The bright Moon will affect most deep-sky viewing this week, but that doesn’t mean stargazers are out of luck. Even with our satellite so close to Jupiter and Saturn, a small (or large) scope will bring out these gas giants’ detailed atmospheres, particularly as they rise higher, climbing out of the thicker layers of Earth’s atmosphere that tend to distort objects closer to the horizon. Pay close attention to their moons: Saturn’s brightest moon, Titan, may be visible about 3′ west of the ringed planet. But Jupiter is where you’ll really want to focus your attention. At sunset, it’s flanked by its four largest satellites: Io and Ganymede to its east and Europa and Callisto to its west. As the hours tick by, Europa and Callisto pull away, but Io and Ganymede close in on the planet’s limb. If you’re willing to stay up overnight and into Saturday morning, Ganymede and Io will both transit the disk of Jupiter in a rematch of their race last week.

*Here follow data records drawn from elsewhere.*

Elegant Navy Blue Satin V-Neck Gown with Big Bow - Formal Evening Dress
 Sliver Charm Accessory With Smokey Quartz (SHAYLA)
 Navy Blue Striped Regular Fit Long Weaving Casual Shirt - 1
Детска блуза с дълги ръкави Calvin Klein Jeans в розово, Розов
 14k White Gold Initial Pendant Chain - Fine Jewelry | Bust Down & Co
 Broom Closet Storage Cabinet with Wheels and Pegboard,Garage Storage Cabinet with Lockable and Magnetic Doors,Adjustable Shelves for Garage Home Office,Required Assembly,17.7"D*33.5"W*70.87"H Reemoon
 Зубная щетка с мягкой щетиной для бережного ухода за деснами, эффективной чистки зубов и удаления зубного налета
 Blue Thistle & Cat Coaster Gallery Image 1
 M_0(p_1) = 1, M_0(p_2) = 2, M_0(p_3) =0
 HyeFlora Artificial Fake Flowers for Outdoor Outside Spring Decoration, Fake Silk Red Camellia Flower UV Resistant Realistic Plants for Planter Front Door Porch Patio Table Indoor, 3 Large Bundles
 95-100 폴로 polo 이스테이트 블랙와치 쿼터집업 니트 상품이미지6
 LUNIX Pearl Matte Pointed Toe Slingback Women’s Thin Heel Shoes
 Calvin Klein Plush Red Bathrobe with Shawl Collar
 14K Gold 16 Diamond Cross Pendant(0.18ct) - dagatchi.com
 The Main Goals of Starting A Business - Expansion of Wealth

While you’re waiting, skim your scope east along a line connecting Jupiter and Saturn to find Neptune, shining at magnitude 7.8 in Aquarius. If you can find the outermost planet easily enough, slew about 18.5° south-southwest to spot the dwarf planet 1 Ceres, which reached opposition earlier today at 8 A.M. EDT. Search the region halfway between Fomalhaut in Piscis Austrinus and Skat in Aquarius to spot its magnitude 7.7 glow.
Sunrise*: 6:24 A.M.
Sunset: 7:37 P.M.
Moonrise: 5:08 P.M.
Moonset: 1:35 A.M.
Moon Phase: Waxing gibbous (80%)
*Times for sunrise, sunset, moonrise, and moonset are given in local time from 40° N 90° W. The Moon’s illumination is given at 12 P.M. local time from the same location.
Saturday, August 29
This morning, Io challenges Ganymede in a race across the face of Jupiter. The match starts when Ganymede crosses onto the planet’s disk at 2:31 A.M. EDT. Io slips onto the disk 28 minutes later. Unfortunately, Jupiter sets for observers in the eastern and midwestern U.S. before the race resolves; those in the western portion of the country will see Io overtake Ganymede to come out ahead. Io crosses off the disk at 5:15 A.M. EDT, while Ganymede follows 35 minutes later.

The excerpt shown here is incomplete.